=== Recorded information ===

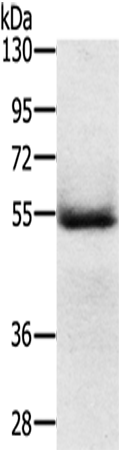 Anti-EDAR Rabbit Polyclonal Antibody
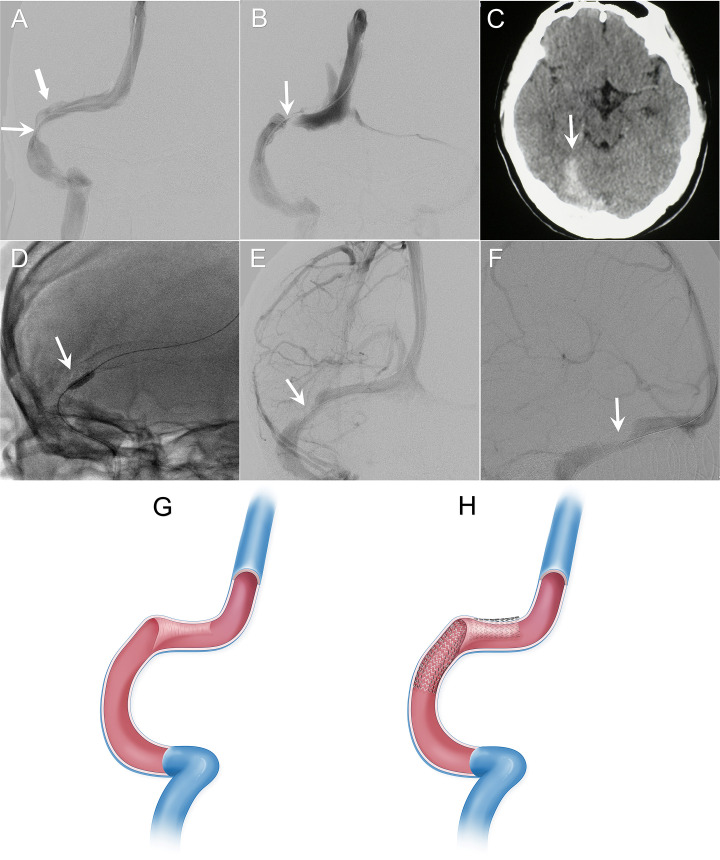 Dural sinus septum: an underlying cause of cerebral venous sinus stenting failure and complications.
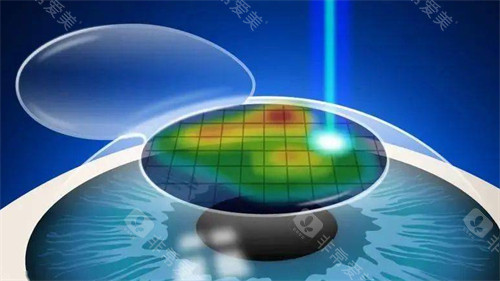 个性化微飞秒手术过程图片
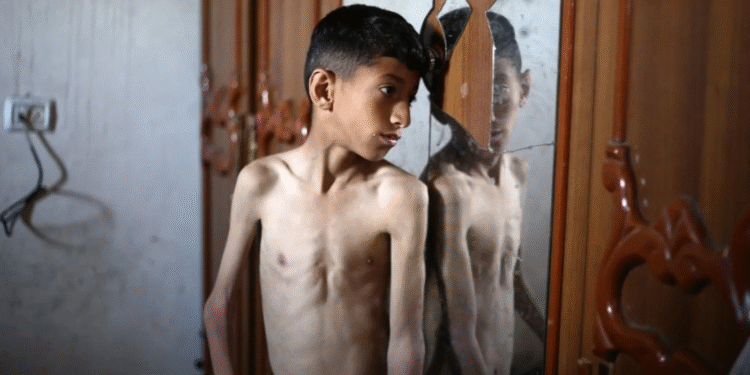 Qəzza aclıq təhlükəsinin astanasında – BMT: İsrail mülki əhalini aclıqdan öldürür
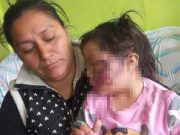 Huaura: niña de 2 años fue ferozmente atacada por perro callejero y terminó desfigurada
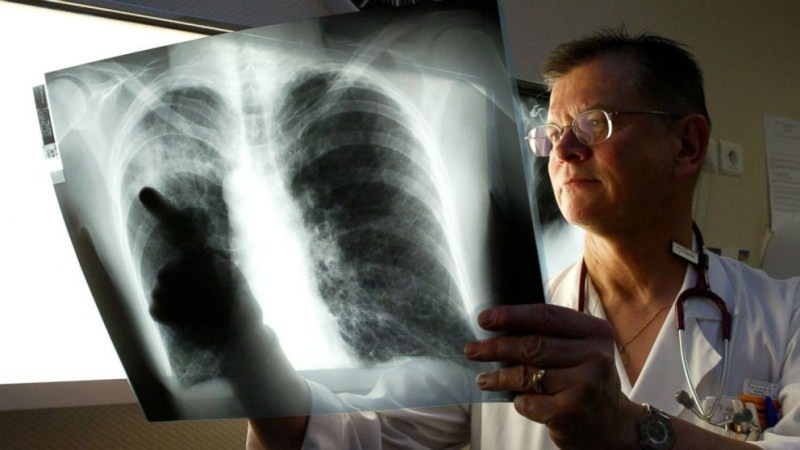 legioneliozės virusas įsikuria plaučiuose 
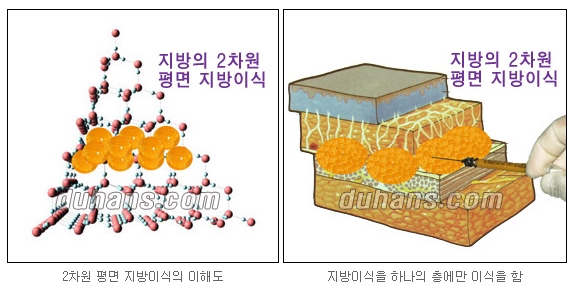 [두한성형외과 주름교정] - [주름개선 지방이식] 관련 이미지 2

===

» **Exercise requirements**
All entries, top to bottom, should be retyped exactly; the pictures should not be.

» **Task response**
 Anti-EDAR Rabbit Polyclonal Antibody
 Dural sinus septum: an underlying cause of cerebral venous sinus stenting failure and complications.
 个性化微飞秒手术过程图片
 Qəzza aclıq təhlükəsinin astanasında – BMT: İsrail mülki əhalini aclıqdan öldürür
 Huaura: niña de 2 años fue ferozmente atacada por perro callejero y terminó desfigurada
 legioneliozės virusas įsikuria plaučiuose 
 [두한성형외과 주름교정] - [주름개선 지방이식] 관련 이미지 2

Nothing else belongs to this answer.